The Princess and the Pea
Devised by the company; written by Kevin Dyer
Action Transport Theatre
Unity Theatre, Hope Place, Liverpool
It’s a funny old game, this acting lark. What was your last employment? Well, I played a giant talking Pea.
Action Transport Theatre’s latest production has all their usual hallmarks: a serious message woven into the playfulness; full-on but very child-friendly performances; plenty for the adults to enjoy as well as the little ones.
In the Queendom of Meane, they have plenty, but they’re not for sharing with those less fortunate. Indeed, the Queen issues a command for any foreigner who lands on their shores to be thrown back out to sea (or worse).
For her part, the wicked queen uses her magic mirror to send a storm-tossed refugee to the bottom of the ocean. Despite this, somehow a desperate refugee survives and makes it to shore, only to find that the regulars in the local pub would rather play cruel tricks on her than share their food and drink.
She retreats to the forest, where she arrives just in time to rescue the Prince from being eaten by a wolf. Far from being grateful, the cowardly prince betrays her to the palace guards (and their dogs) and she has to run for her life.

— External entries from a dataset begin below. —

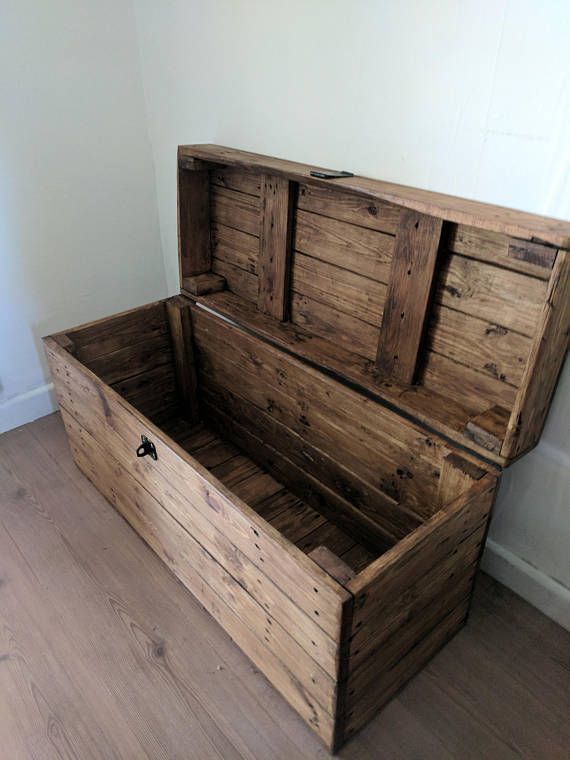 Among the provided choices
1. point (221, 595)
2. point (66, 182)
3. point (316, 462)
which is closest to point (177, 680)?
point (221, 595)

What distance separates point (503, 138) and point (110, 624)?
51.3 inches

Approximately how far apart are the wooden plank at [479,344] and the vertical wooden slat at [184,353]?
797 millimetres

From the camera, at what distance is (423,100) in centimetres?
102

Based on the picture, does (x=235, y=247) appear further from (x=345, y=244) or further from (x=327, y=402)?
(x=327, y=402)

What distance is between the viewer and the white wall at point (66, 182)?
1.55 metres

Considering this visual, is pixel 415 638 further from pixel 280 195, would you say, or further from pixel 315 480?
pixel 280 195

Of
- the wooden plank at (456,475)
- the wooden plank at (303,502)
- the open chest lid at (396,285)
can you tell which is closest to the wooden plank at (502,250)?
the open chest lid at (396,285)

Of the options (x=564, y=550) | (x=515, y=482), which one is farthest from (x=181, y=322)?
(x=564, y=550)

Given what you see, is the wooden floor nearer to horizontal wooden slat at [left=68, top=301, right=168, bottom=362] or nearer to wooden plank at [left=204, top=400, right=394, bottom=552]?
wooden plank at [left=204, top=400, right=394, bottom=552]

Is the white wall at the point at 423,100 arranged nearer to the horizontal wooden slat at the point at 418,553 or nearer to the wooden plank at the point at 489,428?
the wooden plank at the point at 489,428

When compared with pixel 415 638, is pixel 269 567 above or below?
above

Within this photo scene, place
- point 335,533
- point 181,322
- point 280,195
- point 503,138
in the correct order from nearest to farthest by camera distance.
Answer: point 503,138 < point 280,195 < point 335,533 < point 181,322

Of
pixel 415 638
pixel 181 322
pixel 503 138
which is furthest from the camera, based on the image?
pixel 181 322

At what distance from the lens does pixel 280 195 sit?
1.31 metres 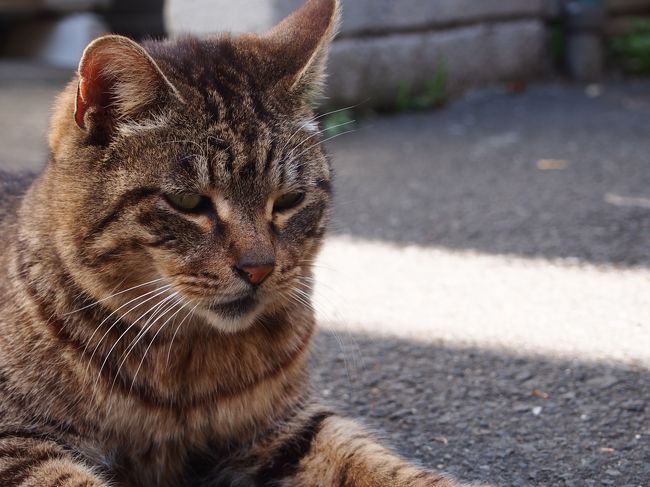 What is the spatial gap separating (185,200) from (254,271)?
24 centimetres

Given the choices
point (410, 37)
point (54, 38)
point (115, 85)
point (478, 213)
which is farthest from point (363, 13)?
point (115, 85)

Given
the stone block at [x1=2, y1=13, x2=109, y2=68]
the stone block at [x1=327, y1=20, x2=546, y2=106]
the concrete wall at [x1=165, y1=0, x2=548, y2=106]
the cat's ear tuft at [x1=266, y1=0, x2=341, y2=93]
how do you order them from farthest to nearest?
the stone block at [x1=2, y1=13, x2=109, y2=68] → the stone block at [x1=327, y1=20, x2=546, y2=106] → the concrete wall at [x1=165, y1=0, x2=548, y2=106] → the cat's ear tuft at [x1=266, y1=0, x2=341, y2=93]

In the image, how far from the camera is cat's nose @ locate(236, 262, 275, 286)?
191 centimetres

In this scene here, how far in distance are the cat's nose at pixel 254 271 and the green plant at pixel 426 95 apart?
4.98 metres

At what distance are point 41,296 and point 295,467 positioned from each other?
0.80 meters

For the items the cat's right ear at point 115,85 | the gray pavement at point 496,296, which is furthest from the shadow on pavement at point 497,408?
the cat's right ear at point 115,85

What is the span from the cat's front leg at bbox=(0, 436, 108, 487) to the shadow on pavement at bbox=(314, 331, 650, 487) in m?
0.88

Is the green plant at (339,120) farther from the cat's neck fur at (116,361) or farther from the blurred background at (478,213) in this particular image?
the cat's neck fur at (116,361)

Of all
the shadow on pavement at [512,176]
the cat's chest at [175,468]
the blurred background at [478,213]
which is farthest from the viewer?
the shadow on pavement at [512,176]

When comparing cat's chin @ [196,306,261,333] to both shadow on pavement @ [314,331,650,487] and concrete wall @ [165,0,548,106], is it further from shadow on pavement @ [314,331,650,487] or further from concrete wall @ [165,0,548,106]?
concrete wall @ [165,0,548,106]

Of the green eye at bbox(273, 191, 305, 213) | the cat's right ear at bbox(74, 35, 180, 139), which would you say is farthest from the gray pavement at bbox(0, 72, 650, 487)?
the cat's right ear at bbox(74, 35, 180, 139)

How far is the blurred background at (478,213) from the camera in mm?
2432

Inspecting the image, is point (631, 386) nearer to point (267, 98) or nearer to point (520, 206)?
point (267, 98)

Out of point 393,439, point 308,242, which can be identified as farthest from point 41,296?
point 393,439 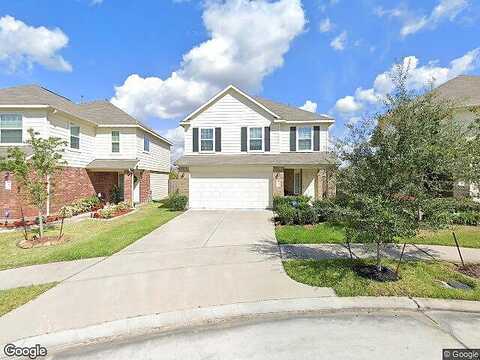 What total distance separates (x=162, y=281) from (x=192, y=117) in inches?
544

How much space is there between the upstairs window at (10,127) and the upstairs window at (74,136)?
2.68 meters

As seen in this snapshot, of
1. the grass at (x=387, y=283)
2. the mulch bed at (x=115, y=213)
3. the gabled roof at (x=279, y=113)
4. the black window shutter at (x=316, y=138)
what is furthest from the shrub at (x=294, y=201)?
the mulch bed at (x=115, y=213)

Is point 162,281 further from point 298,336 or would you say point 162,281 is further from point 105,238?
point 105,238

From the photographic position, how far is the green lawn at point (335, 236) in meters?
9.14

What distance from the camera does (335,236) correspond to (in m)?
9.98

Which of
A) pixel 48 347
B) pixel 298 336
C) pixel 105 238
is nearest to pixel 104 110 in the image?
pixel 105 238

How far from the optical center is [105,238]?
10078mm

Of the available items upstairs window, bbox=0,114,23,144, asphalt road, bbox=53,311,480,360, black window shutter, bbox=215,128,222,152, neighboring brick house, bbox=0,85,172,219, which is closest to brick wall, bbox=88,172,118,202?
neighboring brick house, bbox=0,85,172,219

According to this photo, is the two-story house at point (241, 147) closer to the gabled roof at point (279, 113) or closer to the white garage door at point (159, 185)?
the gabled roof at point (279, 113)

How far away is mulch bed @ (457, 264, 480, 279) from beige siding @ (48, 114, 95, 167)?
17.4 meters

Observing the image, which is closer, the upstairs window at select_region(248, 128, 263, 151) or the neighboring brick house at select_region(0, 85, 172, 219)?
the neighboring brick house at select_region(0, 85, 172, 219)

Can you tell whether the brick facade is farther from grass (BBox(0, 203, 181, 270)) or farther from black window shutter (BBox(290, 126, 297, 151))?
black window shutter (BBox(290, 126, 297, 151))

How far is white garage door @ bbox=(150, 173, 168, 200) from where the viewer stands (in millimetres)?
24253

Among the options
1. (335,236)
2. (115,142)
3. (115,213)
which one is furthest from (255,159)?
(115,142) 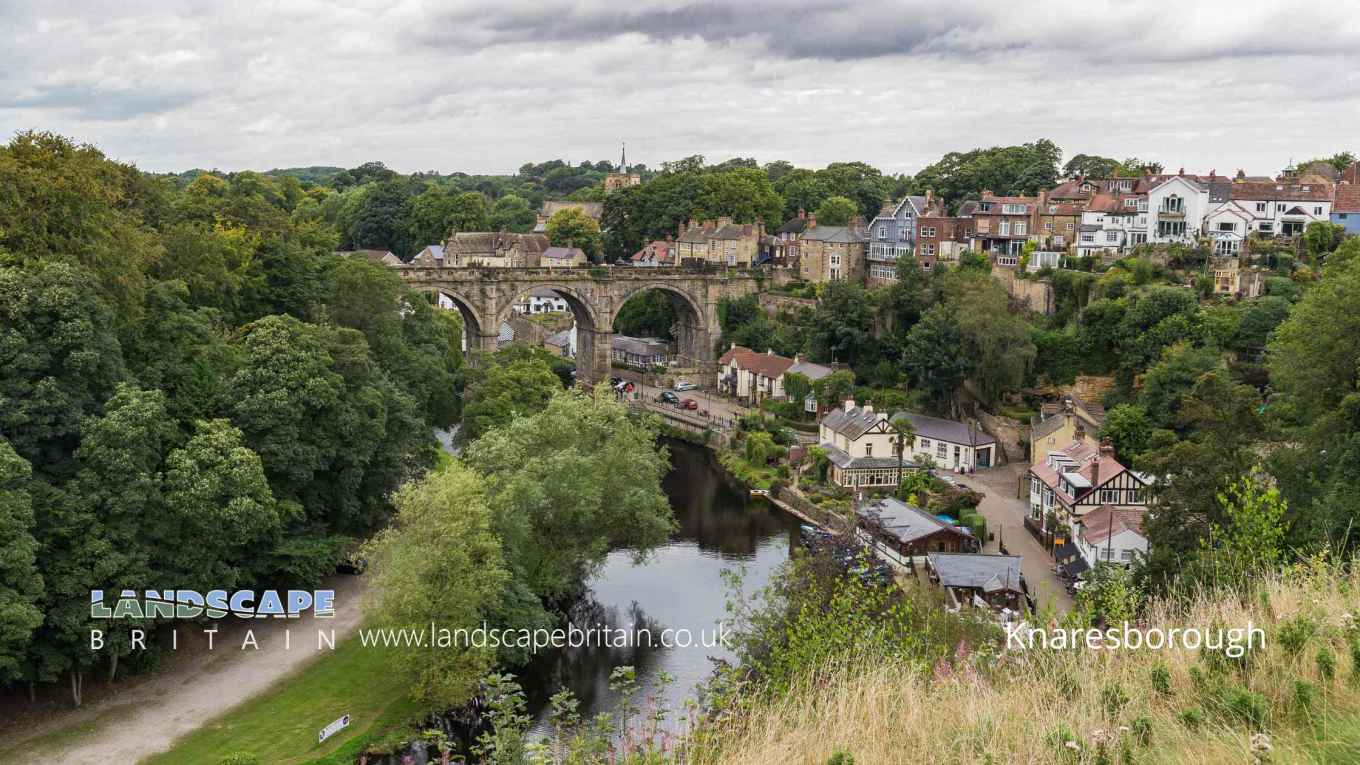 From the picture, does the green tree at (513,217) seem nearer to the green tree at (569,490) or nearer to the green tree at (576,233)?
the green tree at (576,233)

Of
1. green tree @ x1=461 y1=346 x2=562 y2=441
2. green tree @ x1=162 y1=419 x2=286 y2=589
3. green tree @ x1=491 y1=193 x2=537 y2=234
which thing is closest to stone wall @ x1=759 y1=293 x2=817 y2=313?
green tree @ x1=461 y1=346 x2=562 y2=441

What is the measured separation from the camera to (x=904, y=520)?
36906 millimetres

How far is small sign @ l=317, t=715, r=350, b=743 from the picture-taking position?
74.4 ft

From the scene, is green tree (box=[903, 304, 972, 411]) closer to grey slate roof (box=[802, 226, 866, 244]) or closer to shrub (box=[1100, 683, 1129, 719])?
grey slate roof (box=[802, 226, 866, 244])

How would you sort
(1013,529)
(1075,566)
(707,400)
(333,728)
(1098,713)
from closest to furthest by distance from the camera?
(1098,713)
(333,728)
(1075,566)
(1013,529)
(707,400)

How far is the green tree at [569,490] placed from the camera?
27.5 meters

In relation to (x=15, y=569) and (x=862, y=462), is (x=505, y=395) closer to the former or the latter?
(x=862, y=462)

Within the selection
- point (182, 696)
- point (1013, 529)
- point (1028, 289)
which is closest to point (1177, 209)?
point (1028, 289)

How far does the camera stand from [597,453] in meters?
31.0

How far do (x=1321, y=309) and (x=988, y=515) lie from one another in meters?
14.5

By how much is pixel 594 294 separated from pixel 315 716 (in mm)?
45772

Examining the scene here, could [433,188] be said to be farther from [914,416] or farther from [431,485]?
[431,485]

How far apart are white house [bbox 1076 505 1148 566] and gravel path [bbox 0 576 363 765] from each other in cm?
2034

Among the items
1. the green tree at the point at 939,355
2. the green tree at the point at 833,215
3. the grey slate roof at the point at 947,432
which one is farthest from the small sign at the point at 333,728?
the green tree at the point at 833,215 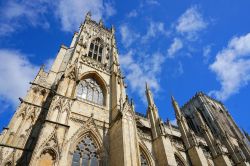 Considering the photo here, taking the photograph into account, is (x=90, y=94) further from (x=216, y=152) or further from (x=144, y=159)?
(x=216, y=152)

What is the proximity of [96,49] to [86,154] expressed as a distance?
44.4 ft

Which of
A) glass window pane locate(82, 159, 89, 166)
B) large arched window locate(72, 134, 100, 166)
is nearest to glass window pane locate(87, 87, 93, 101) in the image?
large arched window locate(72, 134, 100, 166)

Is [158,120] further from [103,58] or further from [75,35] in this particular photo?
[75,35]

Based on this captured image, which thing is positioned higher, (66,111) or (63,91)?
(63,91)

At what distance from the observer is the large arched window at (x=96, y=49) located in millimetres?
20272

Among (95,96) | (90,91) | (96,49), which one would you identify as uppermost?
(96,49)

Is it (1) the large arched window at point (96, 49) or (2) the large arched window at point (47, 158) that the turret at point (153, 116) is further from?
(2) the large arched window at point (47, 158)

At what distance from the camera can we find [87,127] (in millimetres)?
12047

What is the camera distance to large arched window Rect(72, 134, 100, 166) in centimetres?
1045

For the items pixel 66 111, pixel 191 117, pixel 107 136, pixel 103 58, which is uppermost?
pixel 191 117

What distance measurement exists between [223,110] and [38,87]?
124ft

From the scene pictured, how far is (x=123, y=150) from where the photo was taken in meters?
10.3

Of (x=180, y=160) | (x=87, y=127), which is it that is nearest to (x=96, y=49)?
(x=87, y=127)

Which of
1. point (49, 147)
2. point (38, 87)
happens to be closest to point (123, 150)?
point (49, 147)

Deep down, though, the Prince is not a bad lad and, when the stranger is caught sheltering in the palace, he attempts to save her by telling his heartless mother she is a Princess from a foreign land. This isn’t the ideal solution to her woes that it might seem.
The Book of Meane states that every Princess must face a test. If she fails, she will be thrown into the moat to drown. Three princesses have so far been tested and found wanting. As far as the stranger knows, she will face her test in the morning. After all her troubles, she could use a good night’s sleep. If only this bed weren’t soooo uncomfortable…
Under Nina Hajiyianni’s unfussy direction, the cast give committed well-choreographed performances that hold the children’s attention. Josie Cerise fits well with ATT’s stereotype-busting policy and gives us a feisty and resilient Princess, too practical (or perhaps too poor) to own a pretty, Princessy dress.
Keddy Sutton brings flair and a neat balance of the ludicrous and the intimidating to her Queen of Meane; she deserves a lot more booing (in a good way). Duncan Cameron’s Prince is a young man in need of inner strength—which he finds courtesy of falling for the stranger from another land. And then there’s that giant pea…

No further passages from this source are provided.